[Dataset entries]
________________________

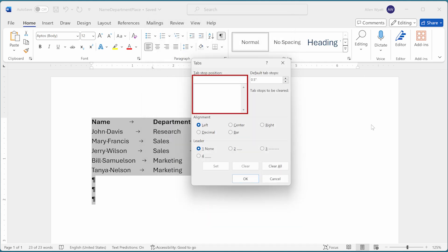Notice that there are no actual tab stops shown this time in the tabs dialog box, like there were a few moments ago. This is because Word recognizes that there are different tab stops set in different paragraphs. Since it cannot display them all, it displays none of them. They are still there, however, so don't be fooled because you don't see any right here.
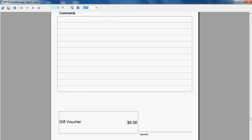It's a very simple process of both selling a gift voucher and redeeming a gift voucher using Retail Manager.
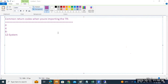TR creation, transport request creation, and configuration creation — all these things we have discussed. TMS configuration and TR import is under basis responsibility. TR creation and release is the transport owner's responsibility — they will perform the TR release and take care of all that work.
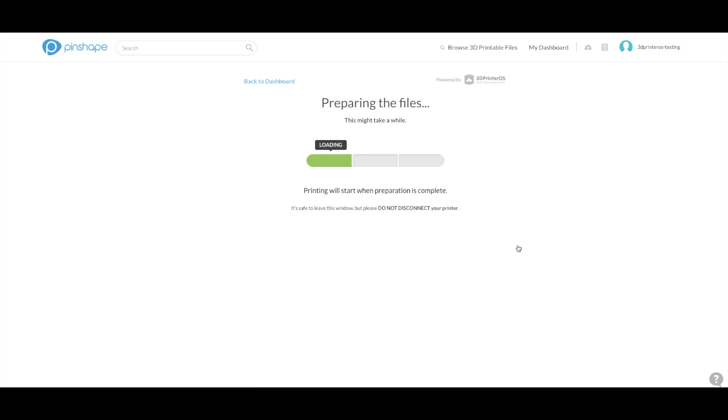Now you'll see it go ahead and prepare the file. It'll load and then slice. And it's as easy as that guys. One click printing with the 3D Printer OS's new streaming API with Pinshape.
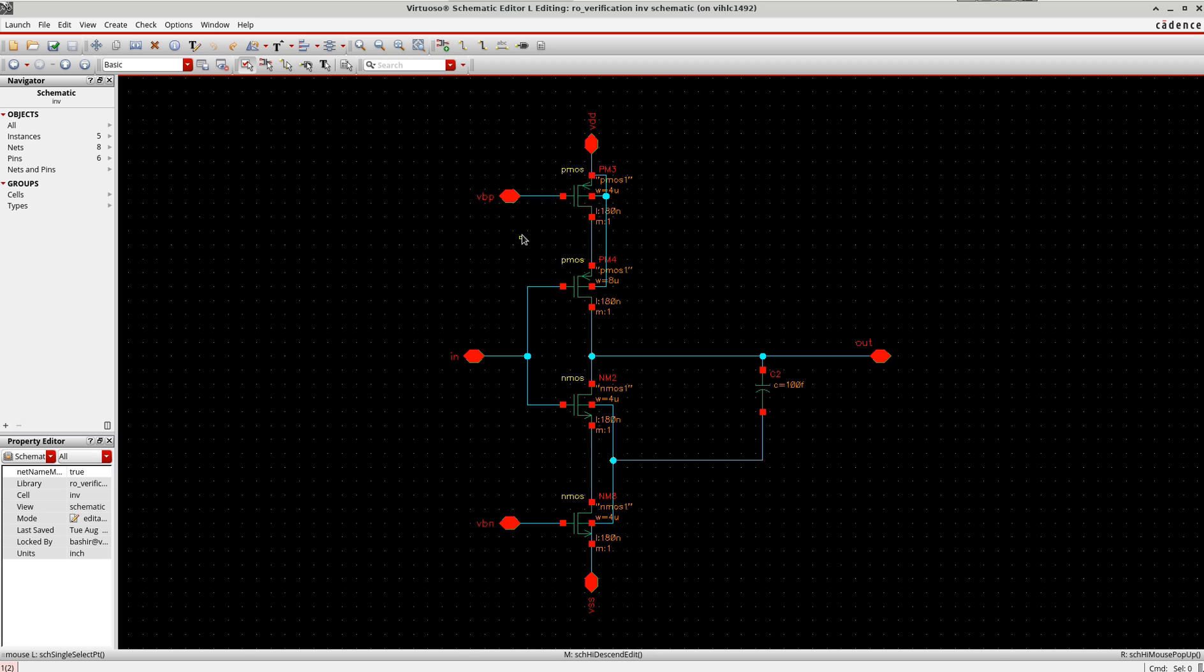This current is controlled by this VBP, which is also called the control voltage. When I change this, it will change the current flowing through this inverter, hence also changes the delay or the oscillation of the oscillator. This NMOS here I am just using for the sake of symmetry.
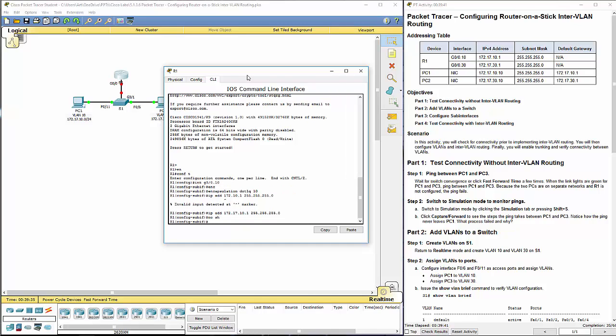Interface, we did the appropriate sub-interface. We did encapsulation dot 1Q, space, 10. That is going to be encapsulating, using the dot 1Q standard, space, the VLAN number.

________________________

* **EXERCISE PROMPT**:
What is needed is an exact copy of the lines from the beginning of the data through the line containing "This current is", both included, without any pictures.

* **EXERCISE ANSWER**:
Notice that there are no actual tab stops shown this time in the tabs dialog box, like there were a few moments ago. This is because Word recognizes that there are different tab stops set in different paragraphs. Since it cannot display them all, it displays none of them. They are still there, however, so don't be fooled because you don't see any right here.
It's a very simple process of both selling a gift voucher and redeeming a gift voucher using Retail Manager.
TR creation, transport request creation, and configuration creation — all these things we have discussed. TMS configuration and TR import is under basis responsibility. TR creation and release is the transport owner's responsibility — they will perform the TR release and take care of all that work.
Now you'll see it go ahead and prepare the file. It'll load and then slice. And it's as easy as that guys. One click printing with the 3D Printer OS's new streaming API with Pinshape.
This current is controlled by this VBP, which is also called the control voltage. When I change this, it will change the current flowing through this inverter, hence also changes the delay or the oscillation of the oscillator. This NMOS here I am just using for the sake of symmetry.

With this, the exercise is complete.